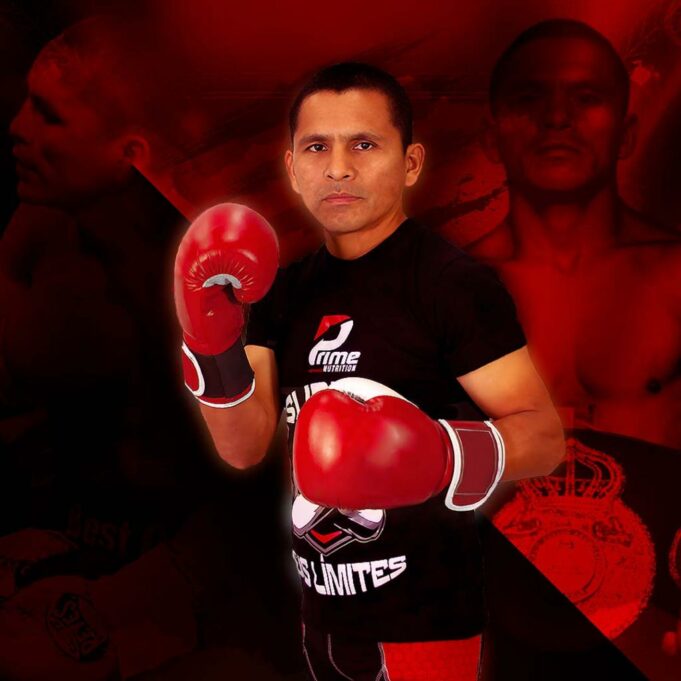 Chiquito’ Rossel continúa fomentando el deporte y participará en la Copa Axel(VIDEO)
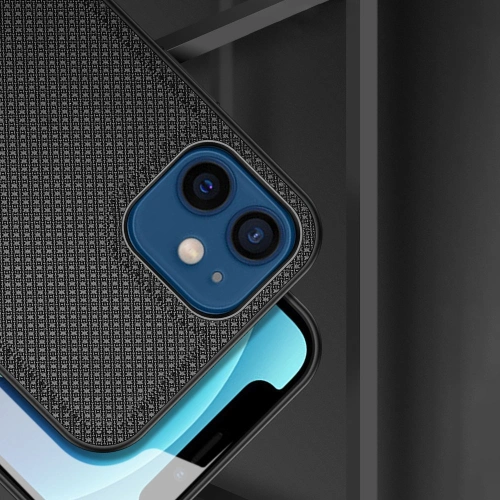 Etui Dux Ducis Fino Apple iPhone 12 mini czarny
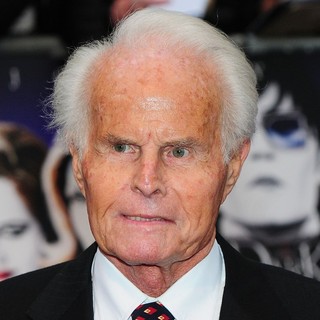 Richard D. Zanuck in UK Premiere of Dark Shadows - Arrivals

...

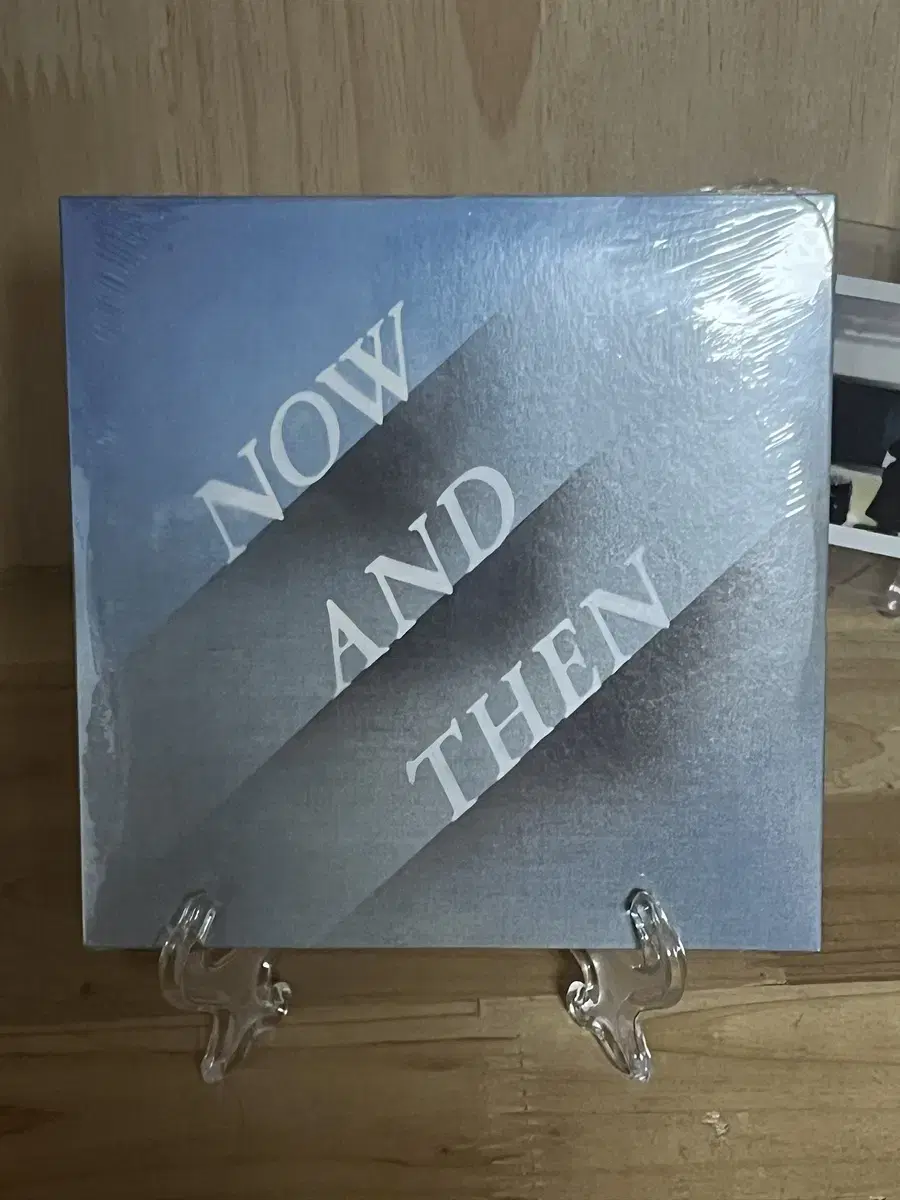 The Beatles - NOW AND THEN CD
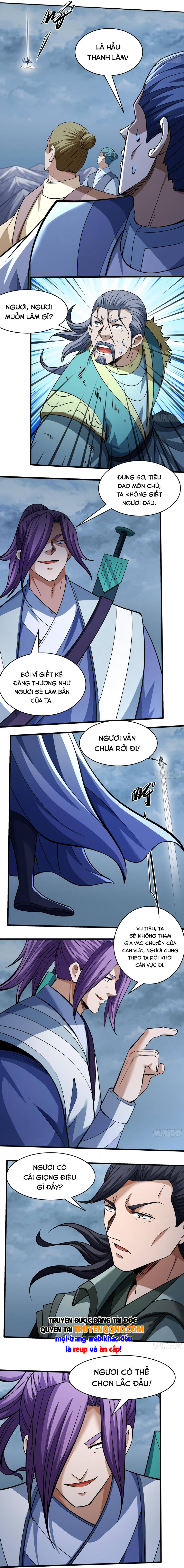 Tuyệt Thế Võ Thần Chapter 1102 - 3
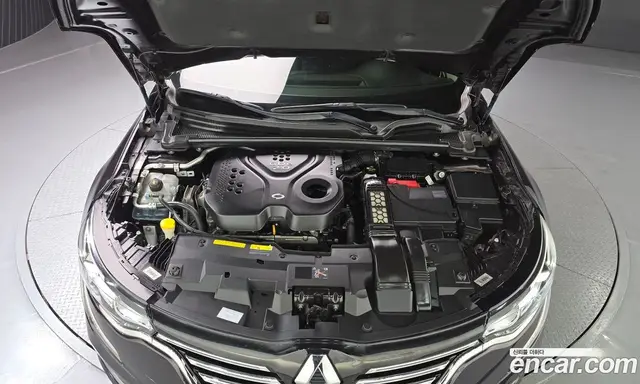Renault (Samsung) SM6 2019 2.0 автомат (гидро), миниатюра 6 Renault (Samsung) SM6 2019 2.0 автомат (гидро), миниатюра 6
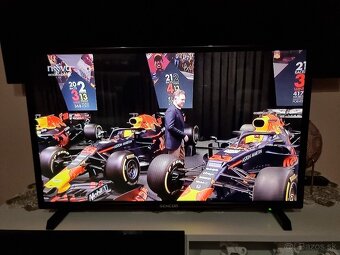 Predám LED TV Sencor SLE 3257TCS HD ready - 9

---

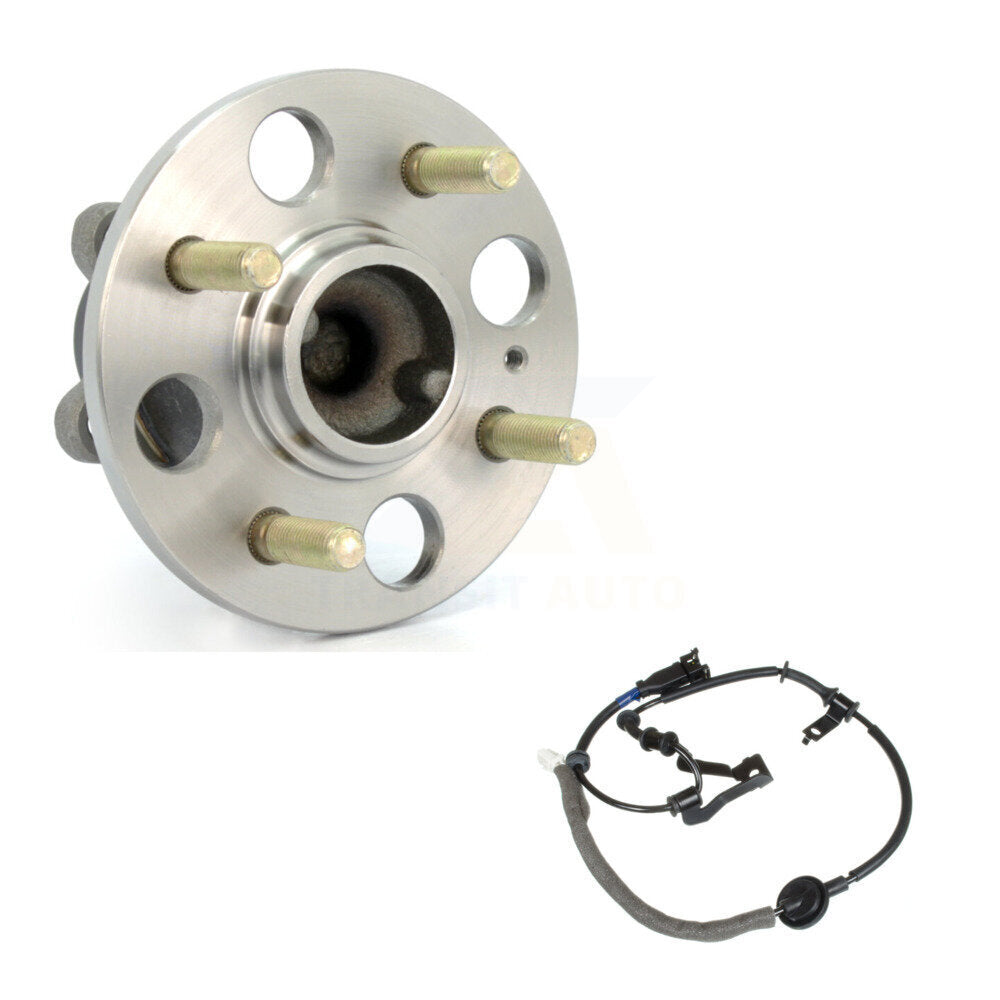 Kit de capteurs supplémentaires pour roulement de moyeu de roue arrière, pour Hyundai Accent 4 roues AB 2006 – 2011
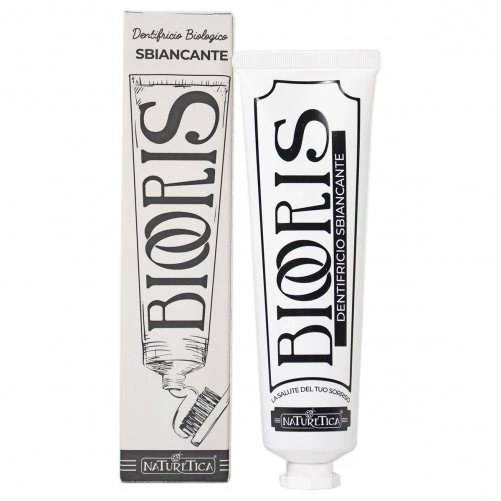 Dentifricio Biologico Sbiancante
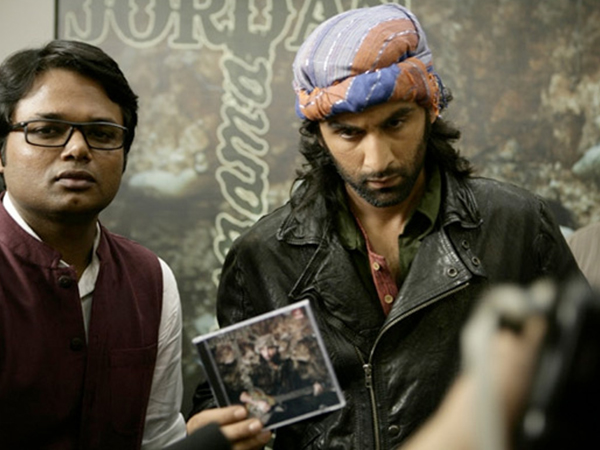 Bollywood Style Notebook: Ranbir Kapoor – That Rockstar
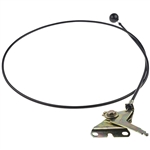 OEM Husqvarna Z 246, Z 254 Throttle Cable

*Exercise objective*
Find the line with "The Beatles - NOW AND THEN CD" in the entries above. Set down exactly every line from it up to and including the line with "Predám LED TV", images excluded.

*Solution to this problem*
 The Beatles - NOW AND THEN CD
 Tuyệt Thế Võ Thần Chapter 1102 - 3
Renault (Samsung) SM6 2019 2.0 автомат (гидро), миниатюра 6 Renault (Samsung) SM6 2019 2.0 автомат (гидро), миниатюра 6
 Predám LED TV Sencor SLE 3257TCS HD ready - 9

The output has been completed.